Kids won’t want to miss the Toy Barn, a two-story, hand-hewn structure full of plush stuffies, strategy games and a wide array of handcrafted Amish toys. This section offers a nostalgic glimpse into the past, reminding us of the simple joys that can be found in traditional play. They can also load up on throwback treats, such as rock candy, gumballs, fudge and other candy to satisfy any sweet tooth. Also be sure to check out the array of fun and unusual flavors of bottled sodas. Your little ones will leave Lehman’s fully enriched by the delights of a bygone era. 4779 Kidron Rd., Kidron 44618, 800/438-5346,

Kids playing putt putt at Country Acres Mini Golf in Millersburg (photo by Laura Watilo Blake)
Play a Round of Mini Golf  

Miniature golf is a favorite pastime in Amish Country, especially in the evening when most of the other area attractions have closed for the day. You’ll likely be sharing the course with local Amish families, who, like you, want some good clean fun that caters to all ages and abilities.

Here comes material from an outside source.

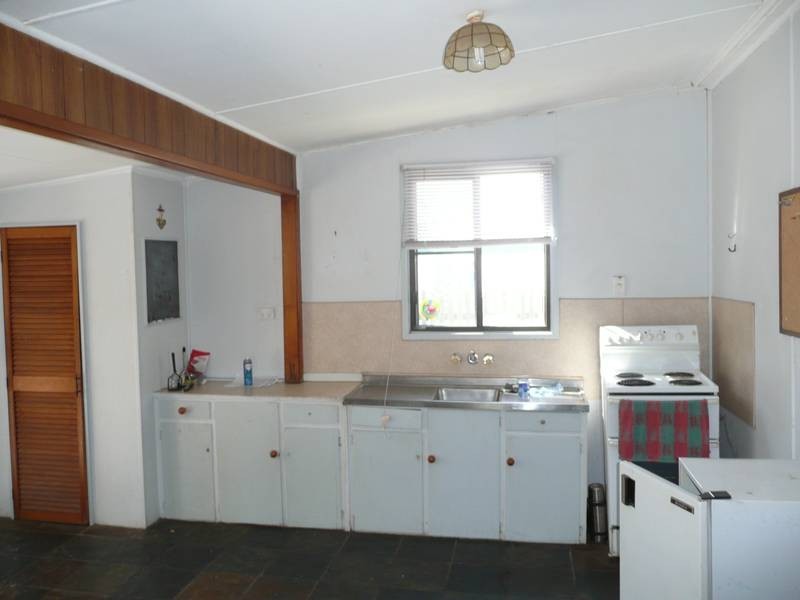 9 Leichhardt Lane, Bowen QLD 4805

In Berlin, Country Acres Mini Golf is part of Schrocks’ Heritage Village, which includes an antique mall, craft mall, Christmas shop, sewing shop and a tasty bistro. The Berlin Encore Hotel & Suites and Amish Country Theater are just across the parking lot. Once you pick your favorite color of ball and get a putter, two 18-hole courses are just down a set of stairs off the deck. On the left, the Barn Course is hilly with lots of inclines and descents. To the right, the Bridge Course has several water features, including waterfalls, rivers and a covered bridge. Depending on your skill, the ball could end up in the manmade river flowing through the course. The kids will have fun fishing them out with one of the provided skimmers.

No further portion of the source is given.